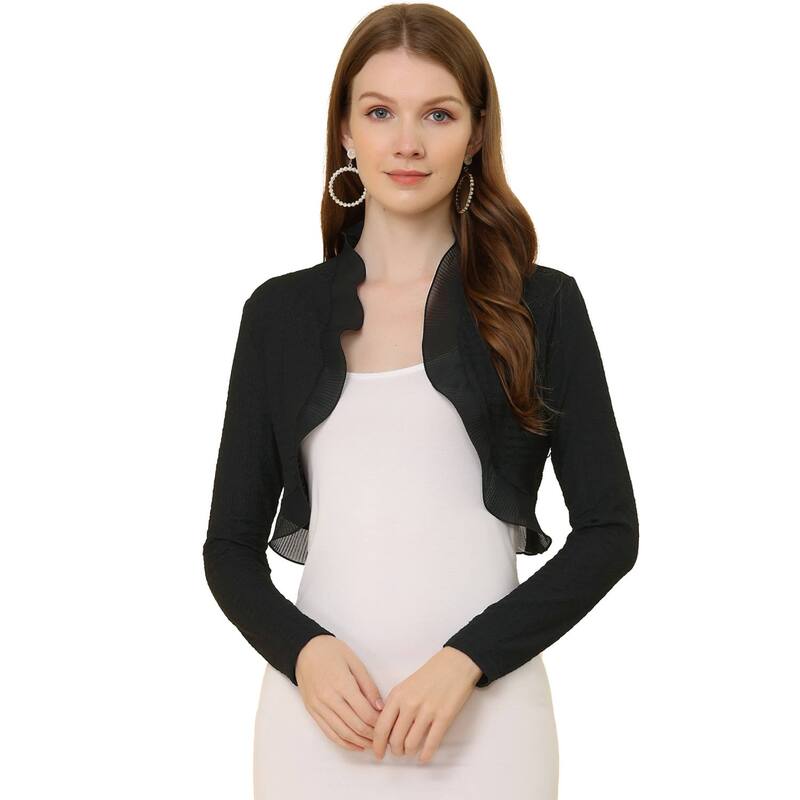 アレグラ ケー レディース トップス シャツ フリル ALLEGRA K Women's Elegant Crop Shrugs Long Sleeve Textured Open Front Ruffle Bolero Shrug Black ブラック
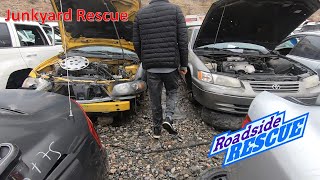 Guy thinks he's a mechanic until he cant fix his car in the junkyard parking lot. Roadside Rescue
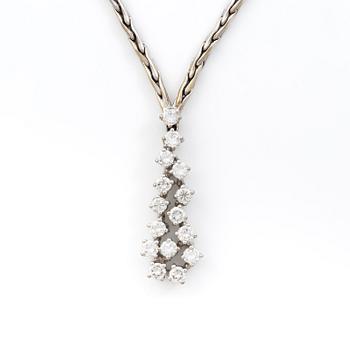 Necklace 18K white gold with round brilliant-cut diamonds in the shape of a drop.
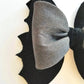 Black Velvet Wired Fabric Bat Bow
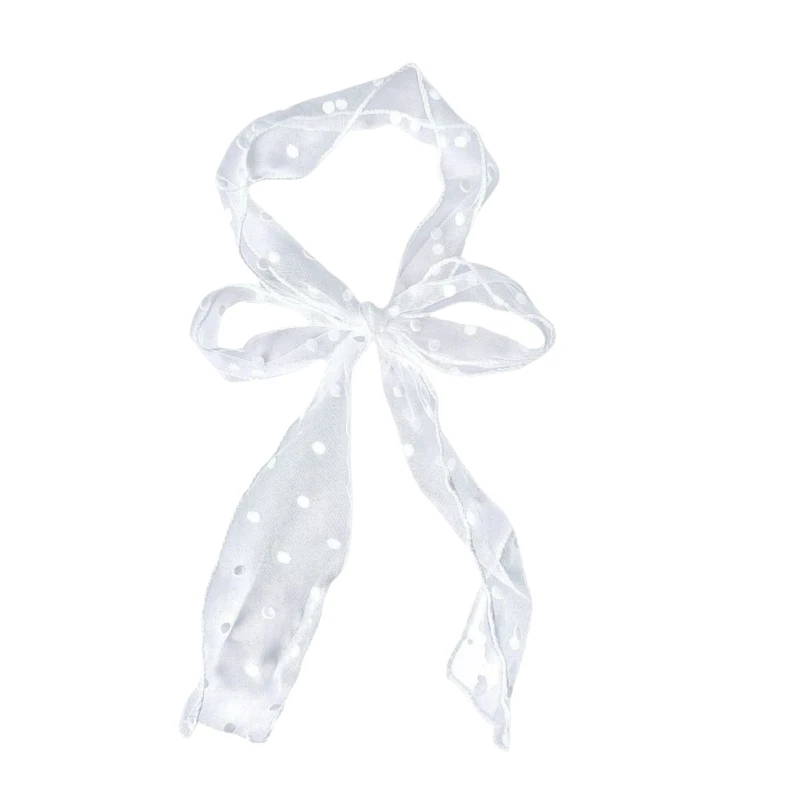 

Balletcore Long Choker Dotted Ribbon Party Raves Mesh Nightclub Neckwear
========
[DIRECTIONS] Return the listing verbatim, pictures omitted.

[OUTPUT FOR THIS EXERCISE]
 アレグラ ケー レディース トップス シャツ フリル ALLEGRA K Women's Elegant Crop Shrugs Long Sleeve Textured Open Front Ruffle Bolero Shrug Black ブラック
 Guy thinks he's a mechanic until he cant fix his car in the junkyard parking lot. Roadside Rescue
 Necklace 18K white gold with round brilliant-cut diamonds in the shape of a drop.
 Black Velvet Wired Fabric Bat Bow

Balletcore Long Choker Dotted Ribbon Party Raves Mesh Nightclub Neckwear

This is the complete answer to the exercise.